I'll say a little bit about our pharmacists. My belief is that the single biggest advance in health care in the last parliament was the 60-day prescribing, which effectively halved the costs for people paying for their medication. It was a huge advance and long, long overdue. But we had to fight the coalition tooth and nail to get that legislation through, and there was a huge marketing campaign by the pharmacists against 60-day prescribing. Absolute no-brainer—virtually every other country in the world had 60- or even 90-day prescribing. This made the system much more efficient. People didn't have to go to the pharmacist every month; they could go every couple of months. It also meant that the costs of the prescriptions were mostly halved for many of our constituents—a great advance.

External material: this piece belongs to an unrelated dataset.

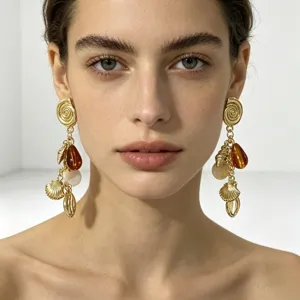 Pendientes colgantes de concha dorada, estilo vacacional de verano, joyas elegantes mujer.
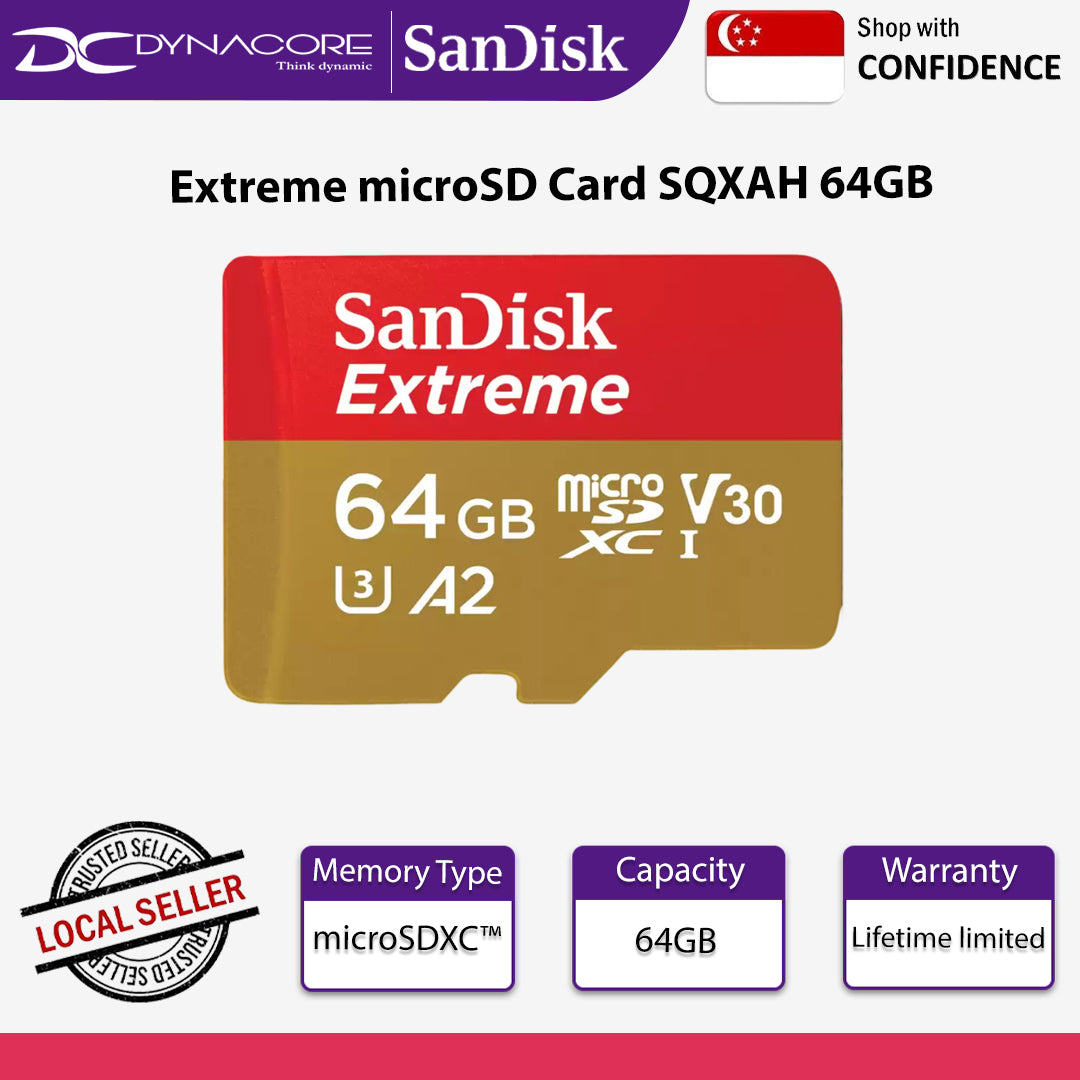 SanDisk Extreme microSD Card SQXAH 64GB - 619659193416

There is much more to be done, and the reduction in prescription costs to a maximum of $25, which the legislation introduced today, is a huge advance. The Labor government understands the importance of health care across the whole economy and across the whole spectrum of Australia. No matter who you are, you get equitable access to health care in Australia because of the work of Labor governments. There have been some reasonable coalition health ministers—Peter Baume was one—and I must say that I think the work that Greg Hunt did in the pandemic was good. But, overall, Australia can thank Labor governments for the maintenance of a universal healthcare insurance system and equitable access to care, and I'm very proud to be part of a government that does support that. This legislation is a small part of that, but it's a sign of a government that understands the health system.

Question agreed to.

Bill read a second time.

Message from the Governor-General recommending appropriation announced.

Ordered that this bill be reported to the House without amendment.